BEGIN Exercise materials
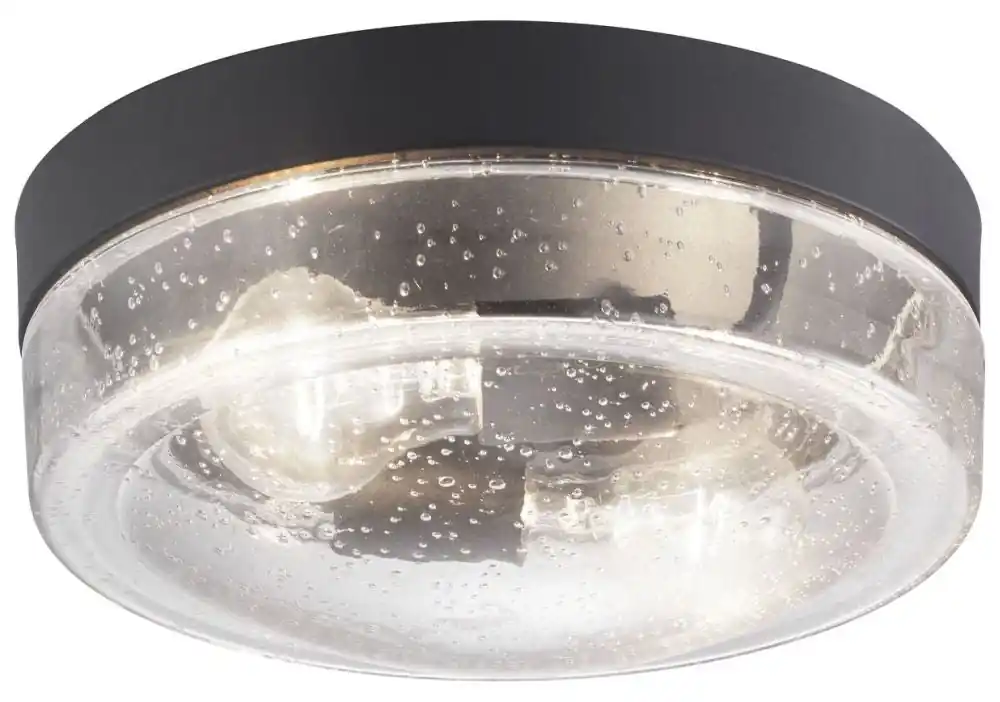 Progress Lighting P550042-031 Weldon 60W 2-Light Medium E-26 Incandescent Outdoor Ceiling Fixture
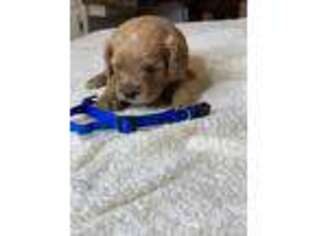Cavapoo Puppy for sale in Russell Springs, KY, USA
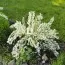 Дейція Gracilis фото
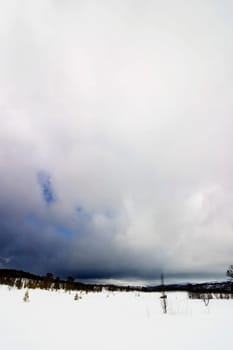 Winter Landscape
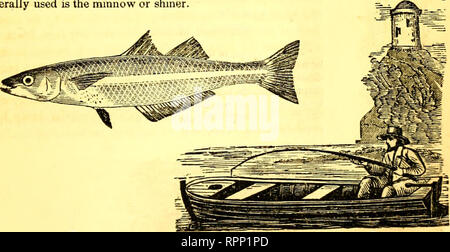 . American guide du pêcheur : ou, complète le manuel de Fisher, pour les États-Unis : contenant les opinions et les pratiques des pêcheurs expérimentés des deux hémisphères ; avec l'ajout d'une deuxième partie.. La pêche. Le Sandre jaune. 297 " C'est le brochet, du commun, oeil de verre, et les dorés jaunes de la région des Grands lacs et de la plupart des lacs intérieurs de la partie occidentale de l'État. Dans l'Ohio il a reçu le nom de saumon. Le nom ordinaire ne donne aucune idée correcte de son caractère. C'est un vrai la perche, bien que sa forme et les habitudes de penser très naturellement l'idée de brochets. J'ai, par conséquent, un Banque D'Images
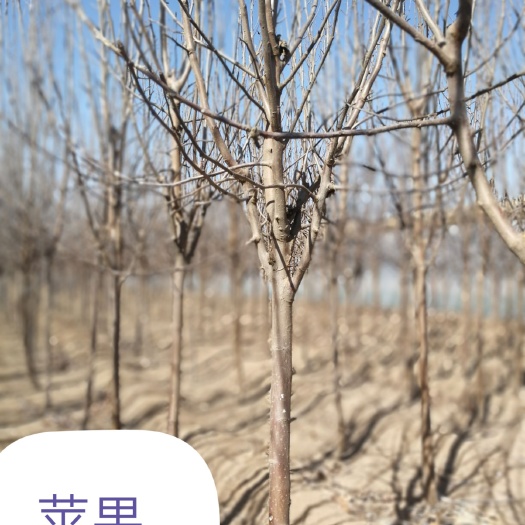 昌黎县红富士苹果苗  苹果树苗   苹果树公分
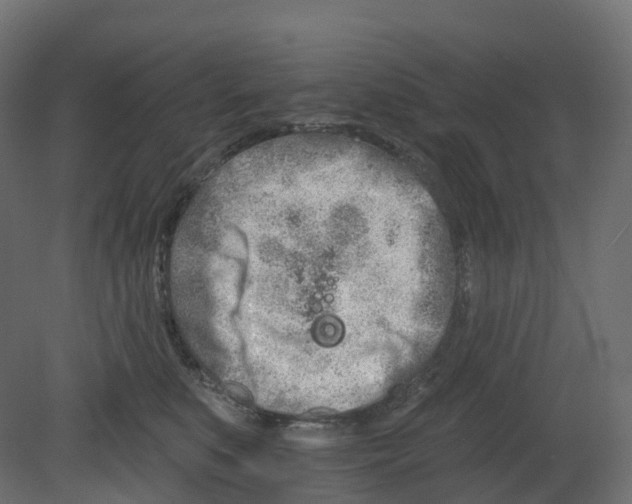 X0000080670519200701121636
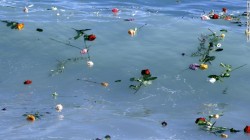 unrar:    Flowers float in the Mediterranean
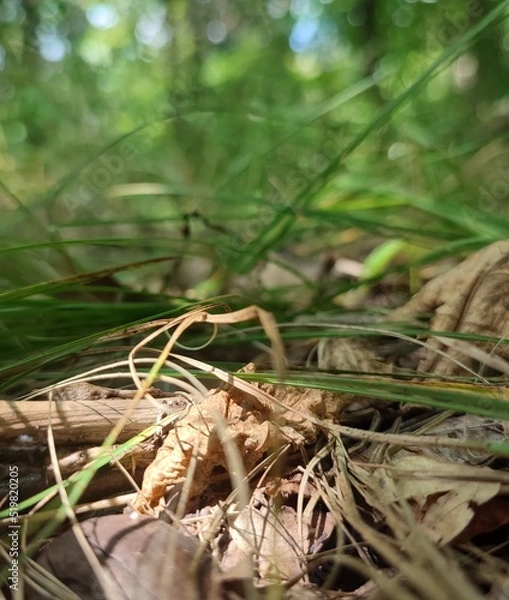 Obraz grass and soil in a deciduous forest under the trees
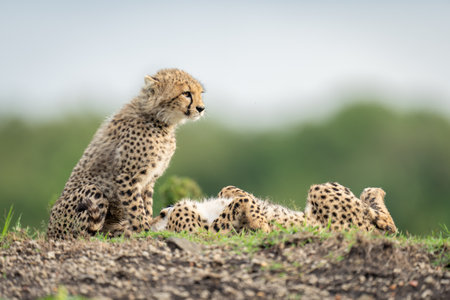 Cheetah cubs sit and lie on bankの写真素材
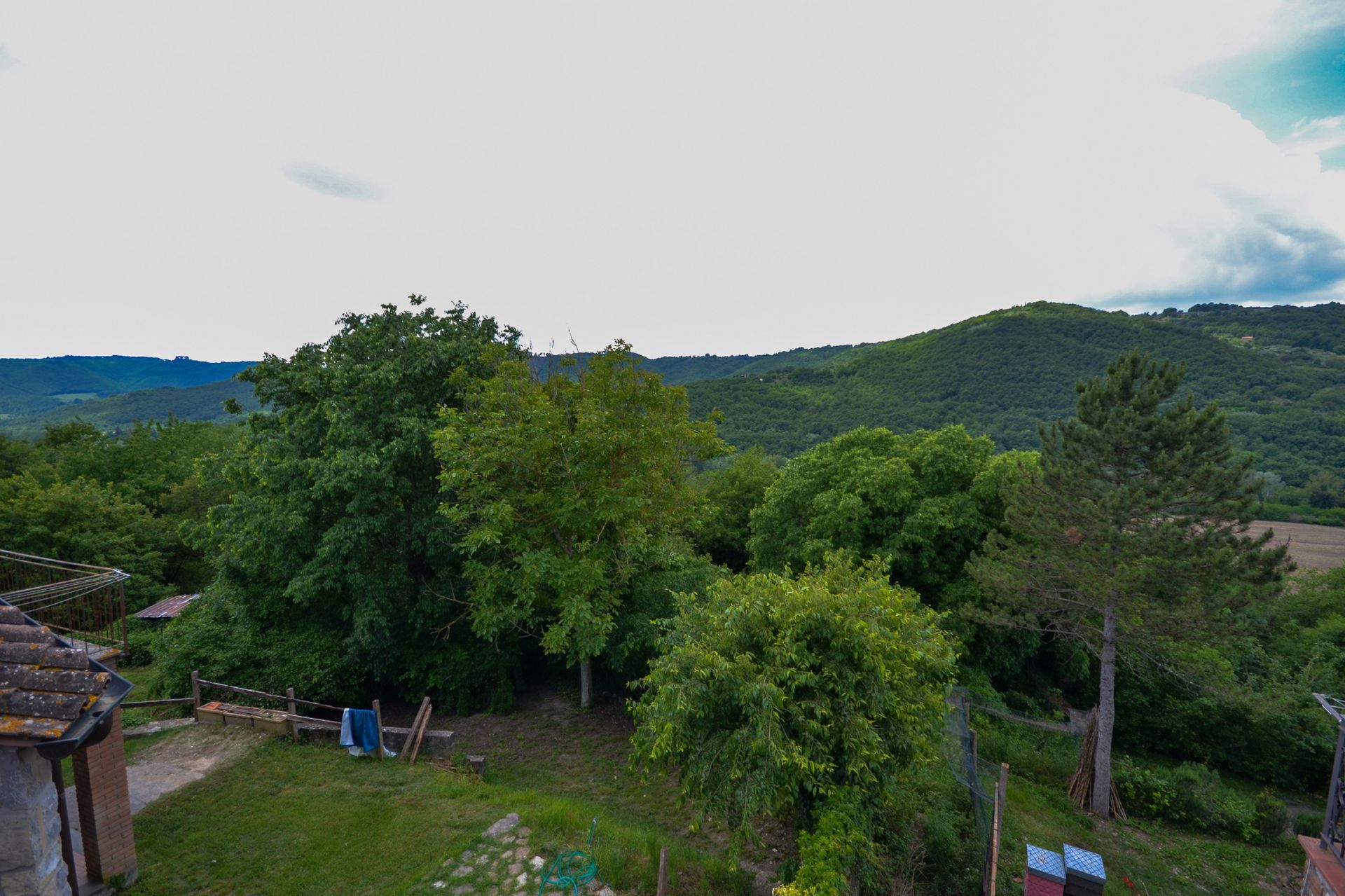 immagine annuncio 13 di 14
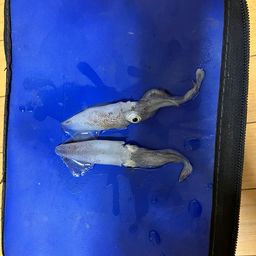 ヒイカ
END Exercise materials
BEGIN Exercise materials
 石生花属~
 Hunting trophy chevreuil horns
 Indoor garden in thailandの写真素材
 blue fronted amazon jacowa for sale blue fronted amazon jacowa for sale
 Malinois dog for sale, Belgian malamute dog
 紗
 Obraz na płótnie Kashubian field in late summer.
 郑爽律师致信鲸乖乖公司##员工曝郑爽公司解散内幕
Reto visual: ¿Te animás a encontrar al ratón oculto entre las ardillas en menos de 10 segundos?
END Exercise materials
◆ **Exercise details**: Word for word, write out the lines above running from the one with "Progress Lighting P550042-031" up to and including the one with "Winter Landscape". Drop any picture.

◆ **Response box**:
 Progress Lighting P550042-031 Weldon 60W 2-Light Medium E-26 Incandescent Outdoor Ceiling Fixture
Cavapoo Puppy for sale in Russell Springs, KY, USA
 Дейція Gracilis фото
 Winter Landscape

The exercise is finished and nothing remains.